Of all of these – rye is the best. Bar none. It stops weed seed germination dead in its tracks. And the suppression of small weed seeds lasts for up to 2 months with rye.


However, if you till it into the soil the effect is lost as the chemical disperses.

So after you’ve harvest the spinach, sow a row of rye seed and allow it to stay in place for the summer (that area should be much more weed free next season).

Every time you have an open space, fill it with rye seed. Rye will out-compete the weeds, provide erosion control, add organic matter to your soil.


The following spring, till it in and you’ve got good organic matter.

 

Read other organic practical landscaping tips here.

2 thoughts on “You Need This Simple Trick To Prevent Weeds And Make Better Soil”

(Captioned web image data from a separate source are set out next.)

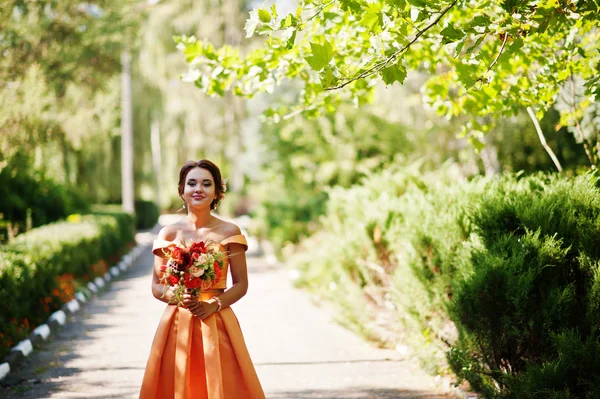 Atraente dama de honra em vestido laranja posando com buquê de noiva — Fotografia de Stock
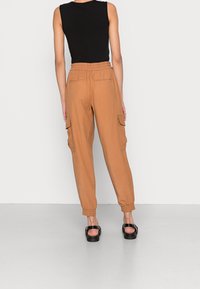 Pantalones cargo en tono beige con cinturilla elástica, puños ajustados y bolsillos laterales para almacenamiento. Combinados con una camiseta de tirantes negra ajustada y sandalias negras.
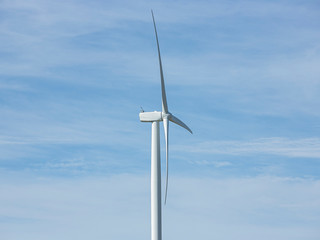 Wall Mural - close up of a large wind turbine moving to create kinetic energy for renewable energy supply on a cl
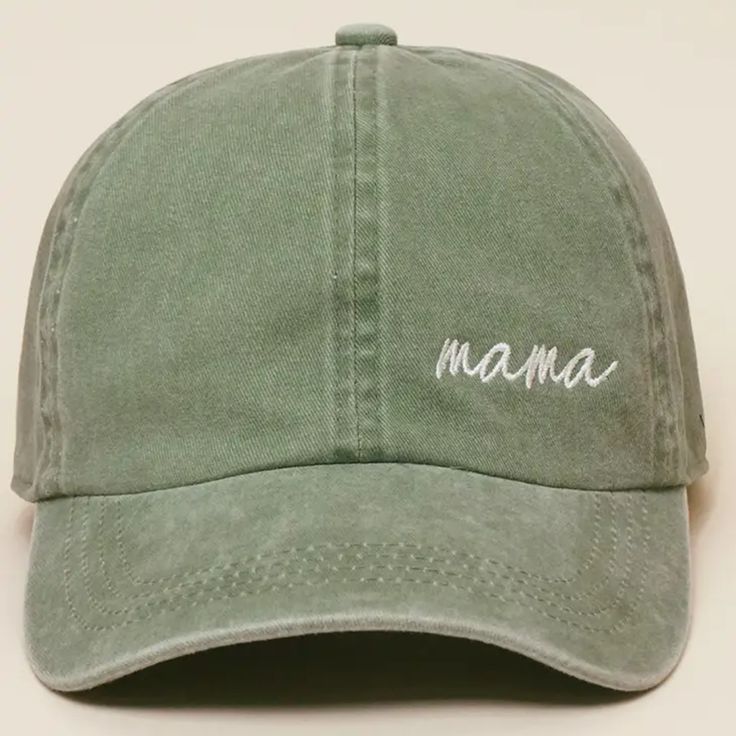 a green hat with the word mama embroidered on it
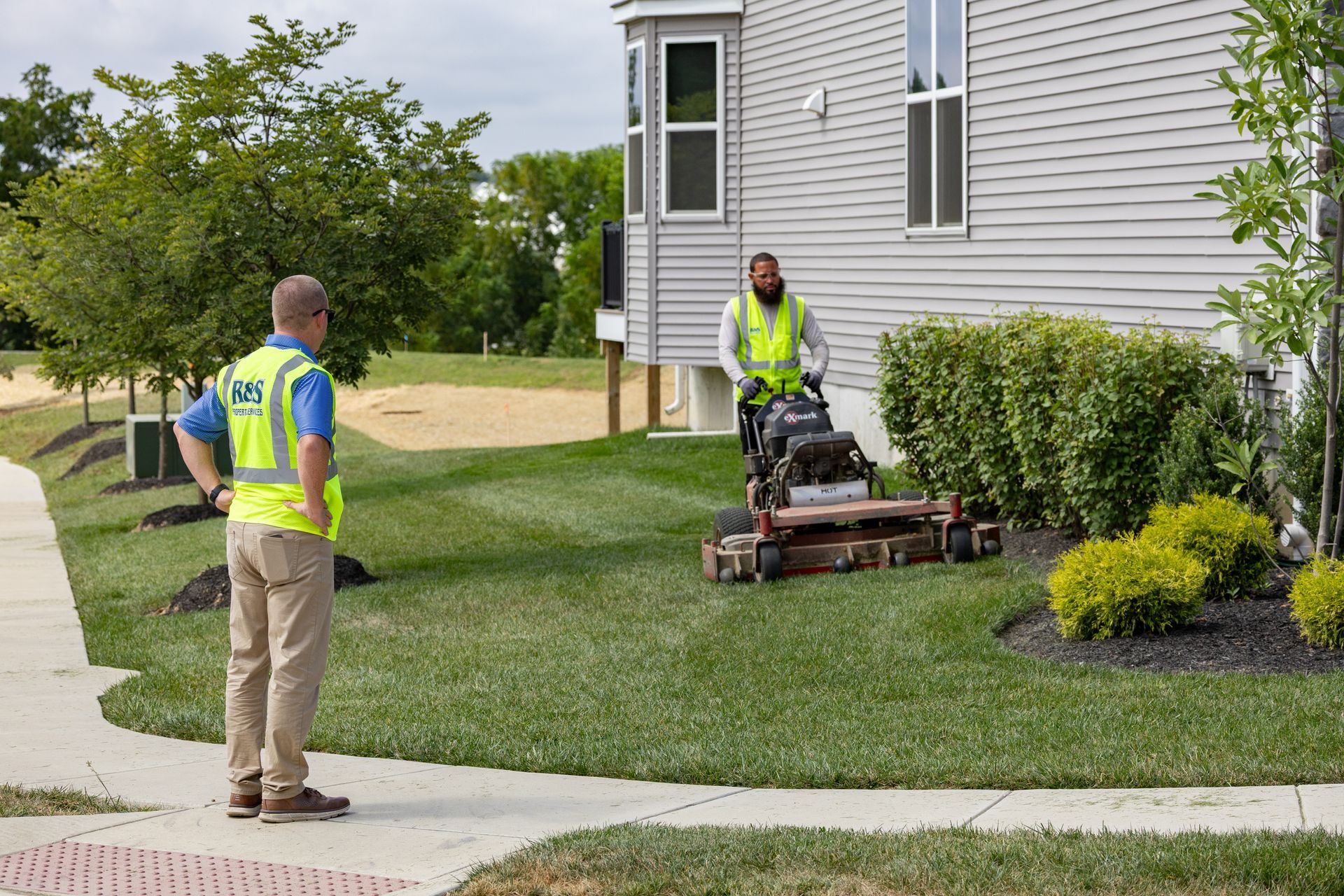 Male landscaper trimming bushes in Montgomery County, PA | R & S Property Services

  1. Doug, Because I am full time care giving for my mother, I am going to reduce my garden size this year. So, I will have about 5 or 6 75′ raised rows that I want to plant in a cover crop right now (Missouri zone 6). From reading this article and an earlier one you posted on Rye, I am thinking that Rye is my choice. My questions are:
    1-When should I plant it?
    2-Will it last all summer so as not to have weeds?
    3-I usually cover my beds with old rotten hay (that is what is available to me from our farm) so do I put down hay along side the beds are just let the Rye grow?
    4-the raised rows are about 36″ wide so do I use hand throw the rye seeds thickly across the row?
    Basically, I need to put these beds to rest this entire year.
    As always, thanks for your help and God Bless,
    Kim Parker

  2. OK – let’s look at the answers. Ensure you’re planting annual rye (grain) and not perennial rye (grass) seed. Two different critters here.
    1) If Rye – then you’re looking at a very early planting – as soon as the soil temp is over 65F, you’ll get decent germination although the higher you allow it to get, the better with 70F providing excellent germination.
    2) Will it last all summer?
    The effect of it will last all summer yes – assuming the rye is growing all summer. Will it stop all weeds? In theory yes. In practice not so much and you’ll still have some showing up.
    3) Mulch in the rows? Probably a good idea as you can then walk in the rows to pull out any volunteer weeds. But the hay mulch will also contribute weed seeds. Your call.
    4) You can hand sow for sure – try to get the seed within an inch of each other for total coverage. But,it’s not rocket science – and close counts.
    Hope that answers the questions. Let me know if you need clarification.